*** Opening of AVAILABLE RECORDS ***

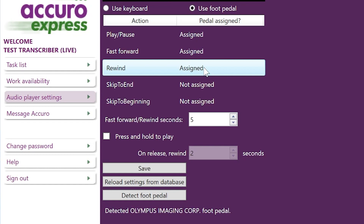If you have more pedals, you can assign 'Skip to End' or 'Skip to Beginning' to one of them. If not, ignore these. You can also change the number of seconds that are fast forwarded or rewound here. If you normally press and hold to play dictation, click this tick box.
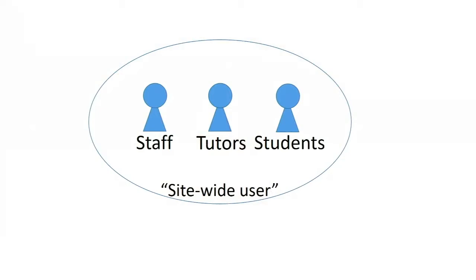Up until this point, all of the users on the Student Resources Moodle site had the same role, it was called Site-wide User, it was automatically granted to all users, and they had the permissions which are normally given to a student on a website, things like being able to post to forums, upload content, and so on.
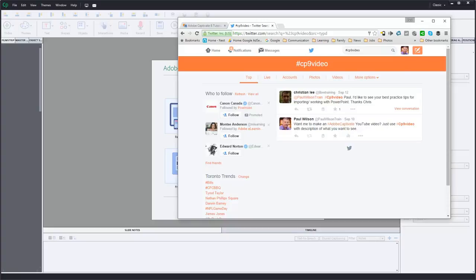In this video we're going to talk about the workflow of importing a PowerPoint into Adobe Captivate 9.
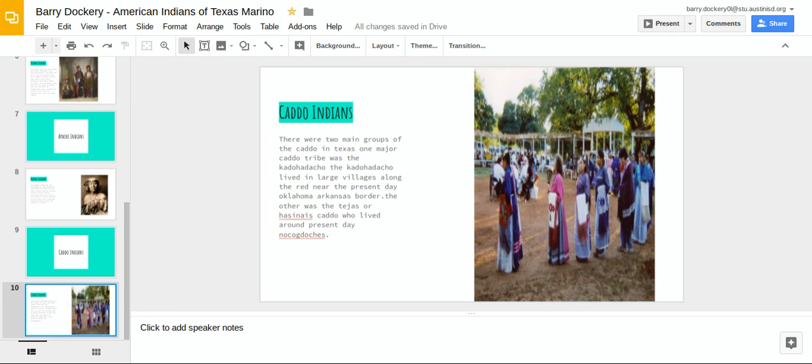The other was the Tejus, or Hasimai Yis Kato, who lived around present-day Oklahoma.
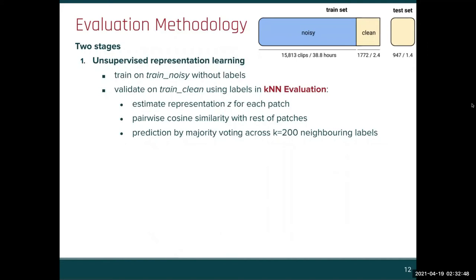The KNN evaluation consists of estimating the embedding for each patch, comparing it with every other patch through cosine similarity, and finally predicting labels by majority voting. This allows a quick estimate of semantic representation quality without further training.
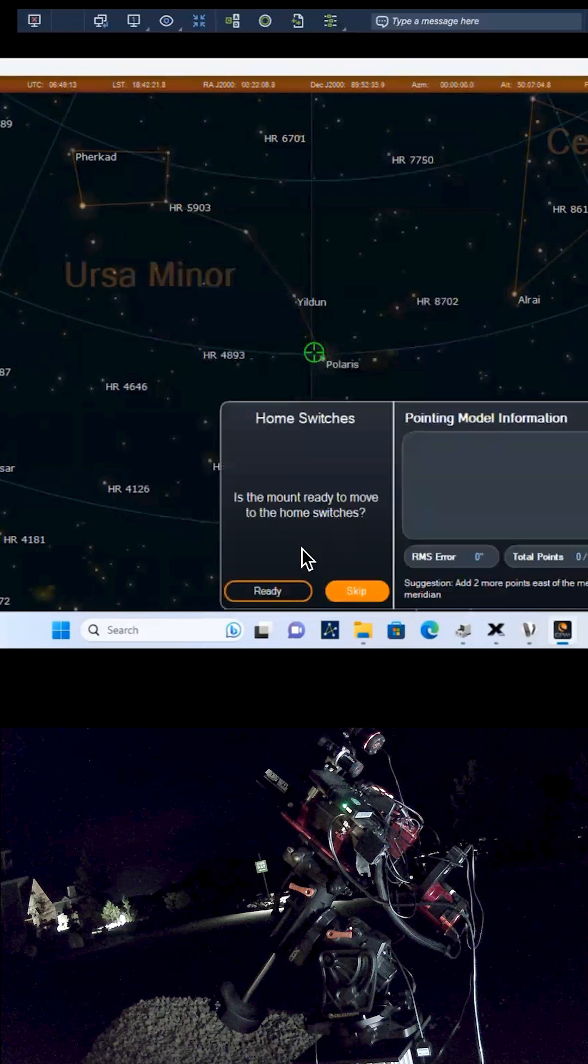Set the mount to its initial home position. Since the CGX has home position sensors, simply click on the Ready button.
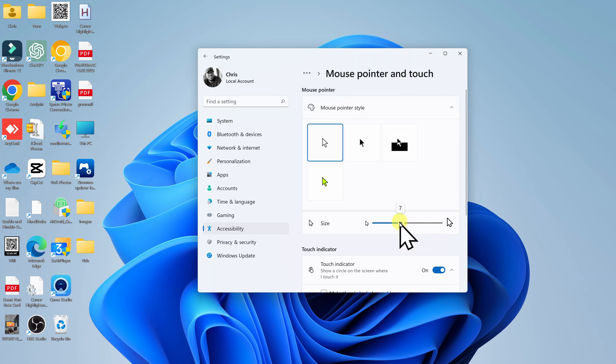That's basically how to change the mouse pointer size in your Windows 11 computer.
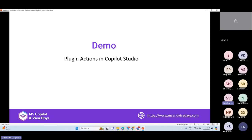With that I hand it over to Kunj, who will take us through the demo of how to use plugin actions with custom connectors. There are some interesting use cases coming up. Think about it this way — if you're creating a Copilot and don't want to deep dive into AI development, this low-code platform, Copilot Studio, is the way to go to create your own custom GPT or Copilot.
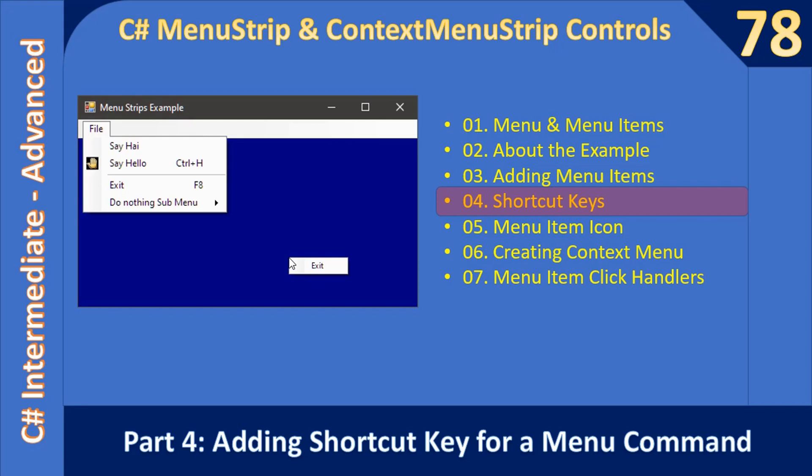Hello friends, welcome to C-sharp intermediate to advanced tutorial. Now you are watching part 4 of the video creating the shortcut keys for the menu command.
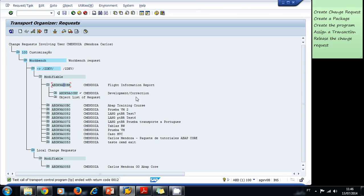In this case, the system shows us that the release ended with return code 012. This is because I haven't set up a production system or configured everything for transport yet. But in a real-life scenario, your Basis team will have that ready for you to just release the request and transport your objects to the production system.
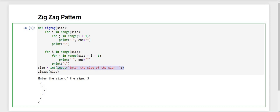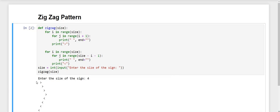For taking the input of the size we have used the input function, printing enter the size of the sign. To convert that input into an integer we are using the int function, storing the value in a variable size. Then we call our function zigzag with the argument size. I will run the code again so you can see the zigzag pattern with greater than and smaller than symbols. Thanks for watching the video.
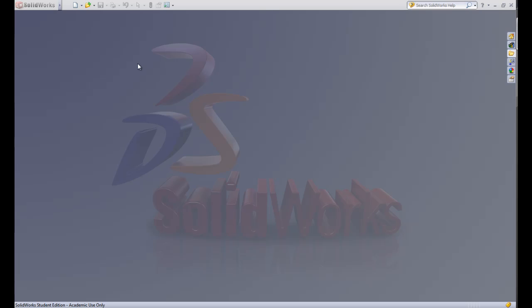Hey everyone! Welcome to the SOLIDWORKS tutorial videos for ME1000. Let's get started with lesson 1, an introduction to the SOLIDWORKS environment.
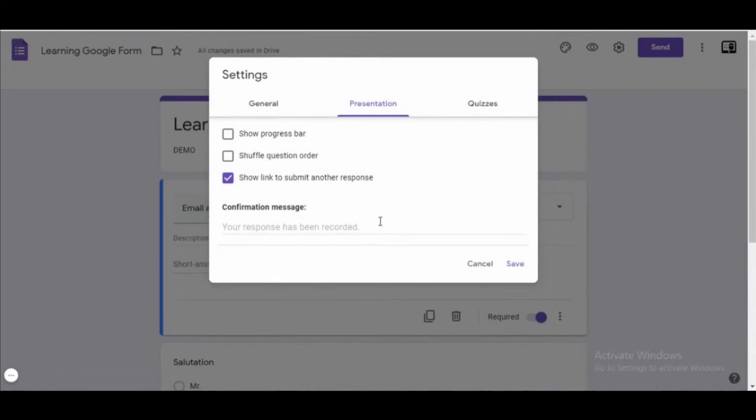In the settings of your form, you need to click on 'Presentation'. After clicking Presentation, you need to click on 'Show link to submit another response' — the last checkbox. After that, you see the confirmation message section — you just need to put the link right there in the confirmation message, and then click Save.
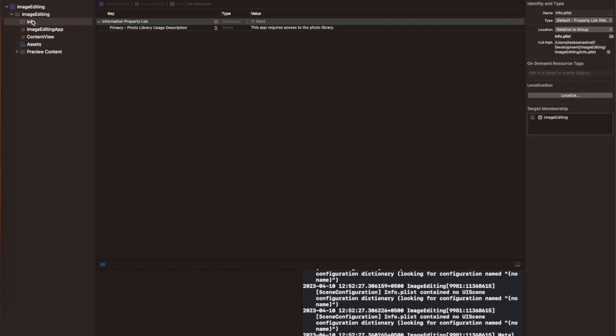Hello guys, welcome back to my channel Programming with a Purpose. In this video I'm going to show you how to add a watermark to your image and then save it into your Photos app. This is basically the use case of adding text to the image and saving it. So let's get started.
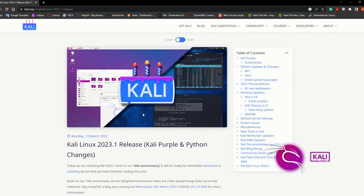So if you haven't heard of this, and if you haven't downloaded or updated your Kali Linux operating system, don't worry. In this video I will walk you step by step through how to update your current Kali Linux version to the new version, also known as Kali Purple.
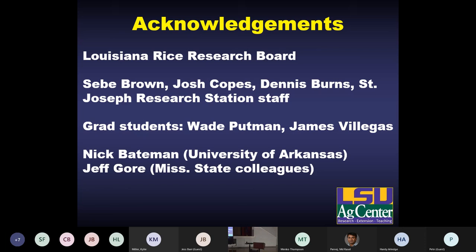That's all I've got this morning. I'd like to thank the Rice Research Board for their funding, the staff at St. Joseph's Station, as well as my colleagues — I communicate with my counterparts at Mississippi State and Arkansas, and we regularly share information. They're dealing with billbugs there as well, so it looks like it's an emerging pest across the southern row rice region.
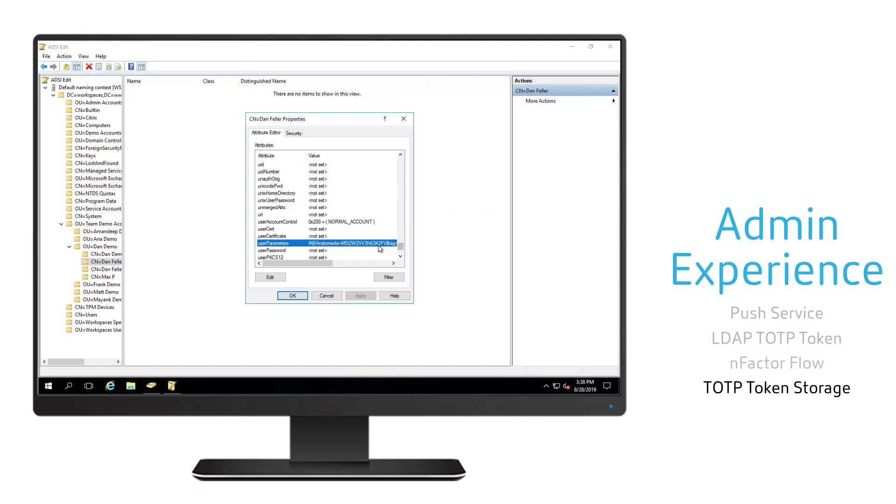By adding push-based authentication, organizations can improve the strength of their authentication security while simplifying the user experience.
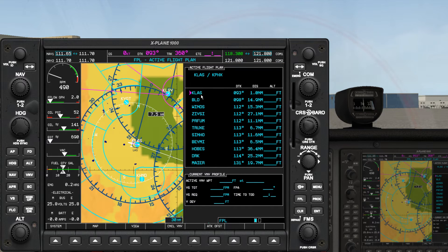All the waypoints are loaded. Well, that's about it — happy flying!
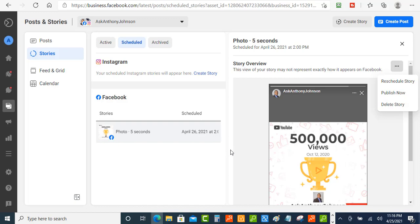Okay that's it so that's how you schedule your stories on Facebook and it's absolutely free guys. So let me know what you think about this and how you're going to use this with the Facebook business suite and drop a comment. Let me know for watching this and I'll see you in the next one. Bye bye.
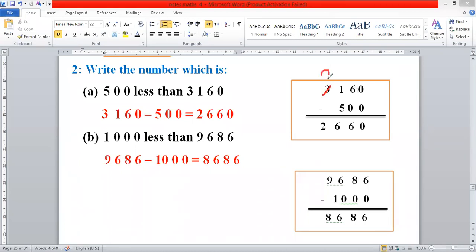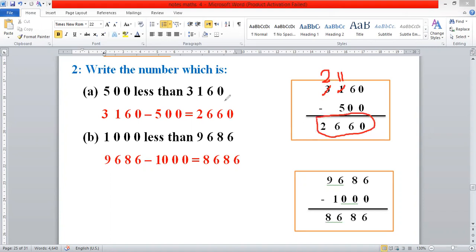We take 10 carry from 2, giving 10 plus 1 equals 11. 11 minus 5 equals 6, and 2 becomes 1 as it is modified. So we get the answer 2660.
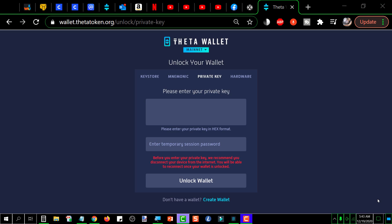You'll only encounter this request for a temporary session password if you are trying to open the wallet using either a mnemonic or the private key. If you're opening it using a keystore, you won't see this. As an added layer of security, the Theta wallet will always ask you to enter the password used to unlock the wallet whenever you try to send something.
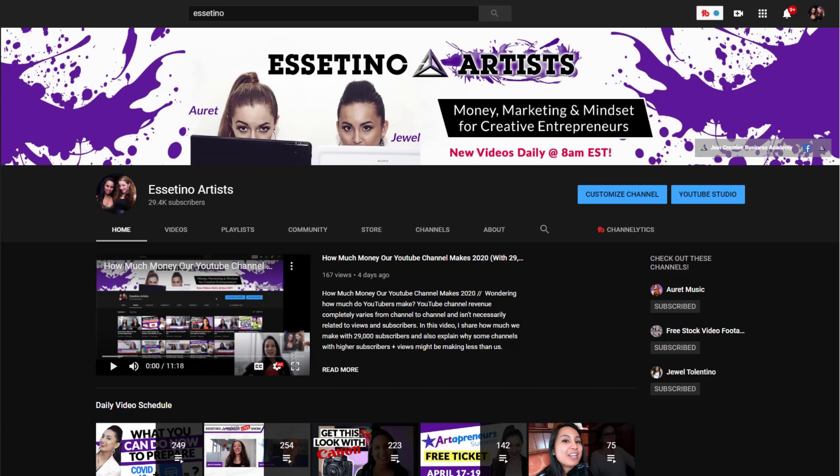Hey guys, how's it going? It's Jewel Tallentino here. In this video I'm going to show you a new feature in the YouTube community tab where you can schedule your community posts.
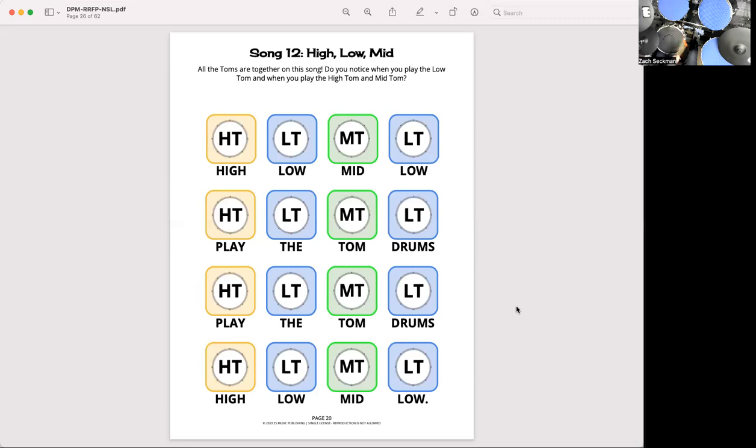Feel free to go back and review the video. You can rewind it and you can speed it up. You can slow it down however fast or slow you want to play throughout. But there is high, low, or high, low, mid on song 12.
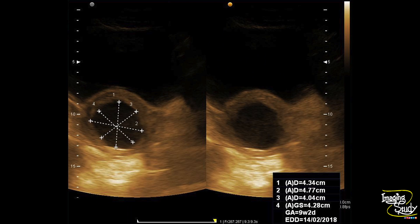Here we have taken the mean sac diameter. The mean sac diameter was 42 millimeters, suggesting a nine weeks two days pregnancy. In a normal nine weeks two days pregnancy, you will even see the movement of the embryo, and we can't see any embryo here. So this is actually a case of blighted ovum.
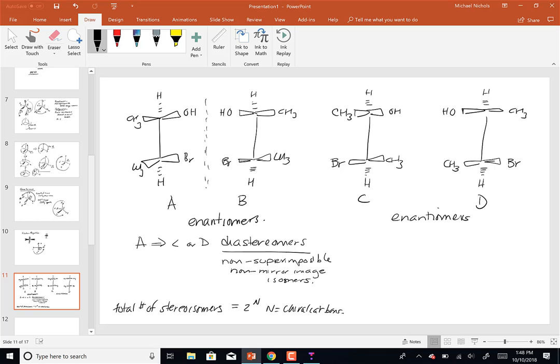Why is all this important? Enantiomers have exactly the same physical properties except one. Same boiling point, same melting point — put them in a GC, you see one peak; put them on a TLC plate, one peak, unless you do something special. Diastereomers can have different physical properties. The one property that differs for enantiomers is how they rotate plane-polarized light, giving us another descriptor: dextrorotary or levorotary.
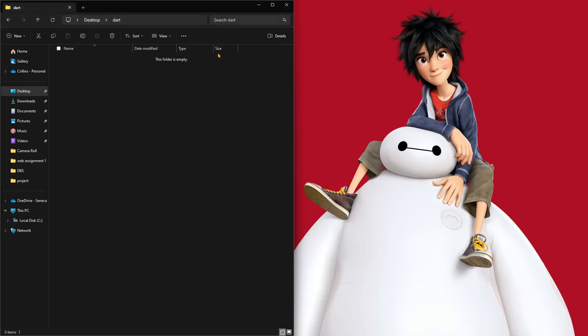Alright, so today we're going to compile our Dart code into JavaScript.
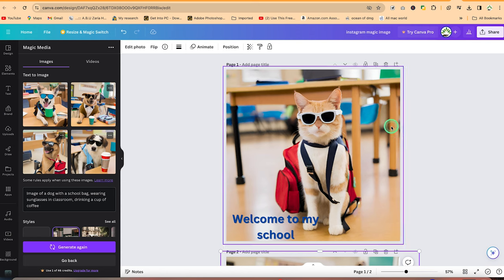So ladies and gentlemen, this concludes this tutorial on how to generate images from text in Canva platform. Hope you enjoyed this video. Thanks for watching and remember to hit the like and subscribe buttons to keep enjoying videos like this. And I will see you in my next video. Bye.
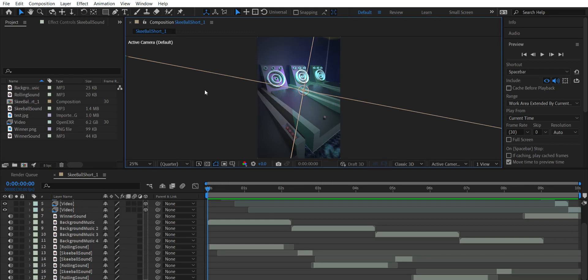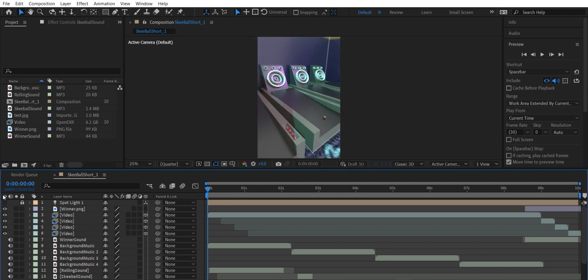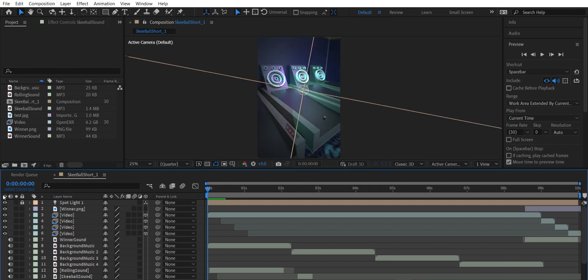Here is the final composition for my production short one. I have a bunch of layers between background music, the actual rolling sound, and then the audio, as well as this additional spotlight that kind of makes the whole scene just a little bit darker. I think it makes it feel like you're in an arcade a little bit more.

*** Close of AVAILABLE RECORDS ***

• EXERCISE DESCRIPTION: Images do not belong in the copy; reproduce all other parts of the records above verbatim.

• RESPONSE TO THE TASK:
If you have more pedals, you can assign 'Skip to End' or 'Skip to Beginning' to one of them. If not, ignore these. You can also change the number of seconds that are fast forwarded or rewound here. If you normally press and hold to play dictation, click this tick box.
Up until this point, all of the users on the Student Resources Moodle site had the same role, it was called Site-wide User, it was automatically granted to all users, and they had the permissions which are normally given to a student on a website, things like being able to post to forums, upload content, and so on.
In this video we're going to talk about the workflow of importing a PowerPoint into Adobe Captivate 9.
The other was the Tejus, or Hasimai Yis Kato, who lived around present-day Oklahoma.
The KNN evaluation consists of estimating the embedding for each patch, comparing it with every other patch through cosine similarity, and finally predicting labels by majority voting. This allows a quick estimate of semantic representation quality without further training.
Set the mount to its initial home position. Since the CGX has home position sensors, simply click on the Ready button.
That's basically how to change the mouse pointer size in your Windows 11 computer.
With that I hand it over to Kunj, who will take us through the demo of how to use plugin actions with custom connectors. There are some interesting use cases coming up. Think about it this way — if you're creating a Copilot and don't want to deep dive into AI development, this low-code platform, Copilot Studio, is the way to go to create your own custom GPT or Copilot.
Hello friends, welcome to C-sharp intermediate to advanced tutorial. Now you are watching part 4 of the video creating the shortcut keys for the menu command.
In this case, the system shows us that the release ended with return code 012. This is because I haven't set up a production system or configured everything for transport yet. But in a real-life scenario, your Basis team will have that ready for you to just release the request and transport your objects to the production system.
For taking the input of the size we have used the input function, printing enter the size of the sign. To convert that input into an integer we are using the int function, storing the value in a variable size. Then we call our function zigzag with the argument size. I will run the code again so you can see the zigzag pattern with greater than and smaller than symbols. Thanks for watching the video.
Hey everyone! Welcome to the SOLIDWORKS tutorial videos for ME1000. Let's get started with lesson 1, an introduction to the SOLIDWORKS environment.
In the settings of your form, you need to click on 'Presentation'. After clicking Presentation, you need to click on 'Show link to submit another response' — the last checkbox. After that, you see the confirmation message section — you just need to put the link right there in the confirmation message, and then click Save.
Hello guys, welcome back to my channel Programming with a Purpose. In this video I'm going to show you how to add a watermark to your image and then save it into your Photos app. This is basically the use case of adding text to the image and saving it. So let's get started.
So if you haven't heard of this, and if you haven't downloaded or updated your Kali Linux operating system, don't worry. In this video I will walk you step by step through how to update your current Kali Linux version to the new version, also known as Kali Purple.
That's all I've got this morning. I'd like to thank the Rice Research Board for their funding, the staff at St. Joseph's Station, as well as my colleagues — I communicate with my counterparts at Mississippi State and Arkansas, and we regularly share information. They're dealing with billbugs there as well, so it looks like it's an emerging pest across the southern row rice region.
By adding push-based authentication, organizations can improve the strength of their authentication security while simplifying the user experience.
All the waypoints are loaded. Well, that's about it — happy flying!
Okay that's it so that's how you schedule your stories on Facebook and it's absolutely free guys. So let me know what you think about this and how you're going to use this with the Facebook business suite and drop a comment. Let me know for watching this and I'll see you in the next one. Bye bye.
We take 10 carry from 2, giving 10 plus 1 equals 11. 11 minus 5 equals 6, and 2 becomes 1 as it is modified. So we get the answer 2660.
You'll only encounter this request for a temporary session password if you are trying to open the wallet using either a mnemonic or the private key. If you're opening it using a keystore, you won't see this. As an added layer of security, the Theta wallet will always ask you to enter the password used to unlock the wallet whenever you try to send something.
Hey guys, how's it going? It's Jewel Tallentino here. In this video I'm going to show you a new feature in the YouTube community tab where you can schedule your community posts.
Feel free to go back and review the video. You can rewind it and you can speed it up. You can slow it down however fast or slow you want to play throughout. But there is high, low, or high, low, mid on song 12.
Here we have taken the mean sac diameter. The mean sac diameter was 42 millimeters, suggesting a nine weeks two days pregnancy. In a normal nine weeks two days pregnancy, you will even see the movement of the embryo, and we can't see any embryo here. So this is actually a case of blighted ovum.
Why is all this important? Enantiomers have exactly the same physical properties except one. Same boiling point, same melting point — put them in a GC, you see one peak; put them on a TLC plate, one peak, unless you do something special. Diastereomers can have different physical properties. The one property that differs for enantiomers is how they rotate plane-polarized light, giving us another descriptor: dextrorotary or levorotary.
Alright, so today we're going to compile our Dart code into JavaScript.
So ladies and gentlemen, this concludes this tutorial on how to generate images from text in Canva platform. Hope you enjoyed this video. Thanks for watching and remember to hit the like and subscribe buttons to keep enjoying videos like this. And I will see you in my next video. Bye.
Here is the final composition for my production short one. I have a bunch of layers between background music, the actual rolling sound, and then the audio, as well as this additional spotlight that kind of makes the whole scene just a little bit darker. I think it makes it feel like you're in an arcade a little bit more.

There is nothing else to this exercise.